Donald Trump. (photo: ABC News)

Can the Electoral College Accept Foreign Influence?
By Marc Ash, Reader Supported News
17 December 16
ith the CIA, the FBI, and the NSA in unilateral agreement with a “high degree of confidence" that the November 8, 2016, U.S. presidential election was influenced by a foreign actor, specifically Russia, can the Electoral College vote even proceed?
Should the electors ratify Donald Trump’s victory knowing what they now know, they would – at the very least – be accepting a foreign hand in choosing the President of the United States.
This is a historic moment politically and constitutionally for the country. These are conclusive statements by all major U.S. national security agencies. This is specifically what the Electoral College was created to detect and prevent.
Alexander Hamilton, in creating the foundation for the college, addressed the question directly in his Federalist Paper 68:
Nothing was more to be desired than that every practicable obstacle should be opposed to cabal, intrigue, and corruption.

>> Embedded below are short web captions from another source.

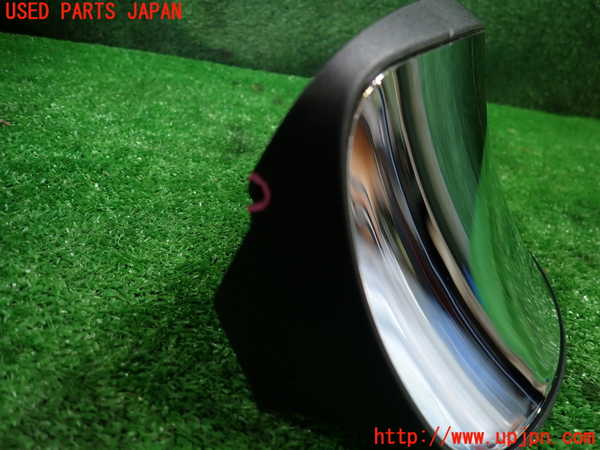 1UPJ-9236131588]N-BOX カスタム(エヌ ボックス カスタム)(JF3)リアアンダーミラー 中古_2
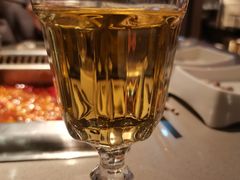 -渡娘火锅(大兴大悦春风里店)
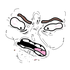 Avatar for MaterYummy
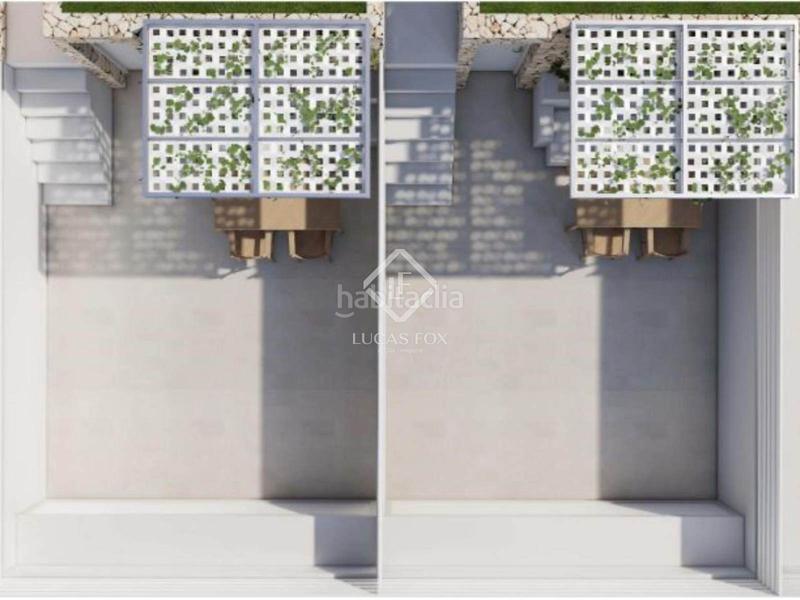 Foto c7ef1b4f-91f0-4588-be51-7881e6ad4f05. Appartamento con parcheggio piscina in Ciutadella Ciutadella de Menorca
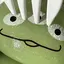 mのプロフィール画像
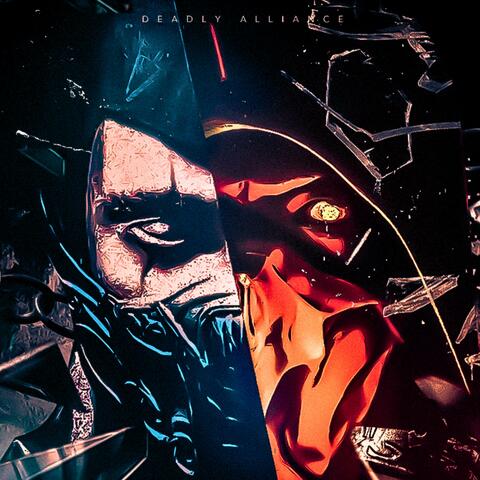 Deadly Alliance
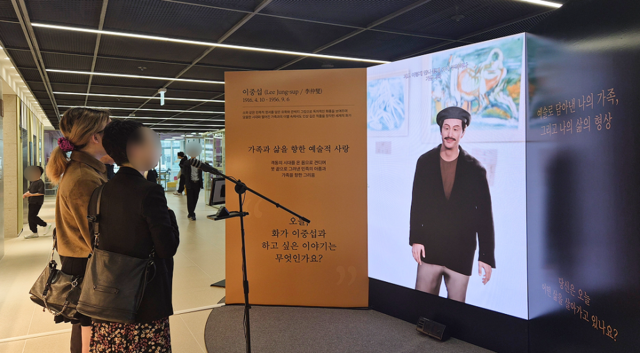 ㈜백스포트 제공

These most deadly adversaries of republican government might naturally have been expected to make their approaches from more than one quarter, but chiefly from the desire in foreign powers to gain an improper ascendant in our councils. How could they better gratify this, than by raising a creature of their own to the chief magistracy of the Union?
– Alexander Hamilton, Federalist Paper 68, 1788
Cast in that light, the current situation is completely unprecedented in the entire scope of American history. Never before have the Electoral College electors been so informed, in such direct and unequivocal terms, that the hand of a foreign actor is influencing the outcome of the election for the highest office in the land.

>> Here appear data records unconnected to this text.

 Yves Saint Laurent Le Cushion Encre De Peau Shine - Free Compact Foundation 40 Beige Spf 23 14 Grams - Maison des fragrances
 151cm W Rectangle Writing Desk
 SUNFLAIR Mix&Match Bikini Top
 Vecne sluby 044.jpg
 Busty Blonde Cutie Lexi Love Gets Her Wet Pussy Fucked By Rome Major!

It is the constitutional duty of all 538 electors to take into urgent consideration the implications of the joint findings of all federal National Security and law enforcement agencies.
Should Donald Trump be denied an Electoral College victory, he is not disqualified from becoming president, it simply remands the matter to the House of Representatives. House members certainly have both public and classified avenues to discovery of the facts. Something the electors do not have.
No presidential election in history compares even remotely to the one now upon the nation. The electors are duty-bound, constitutionally, to take into full account the extraordinary statements made by the joint National Security and law enforcement agencies.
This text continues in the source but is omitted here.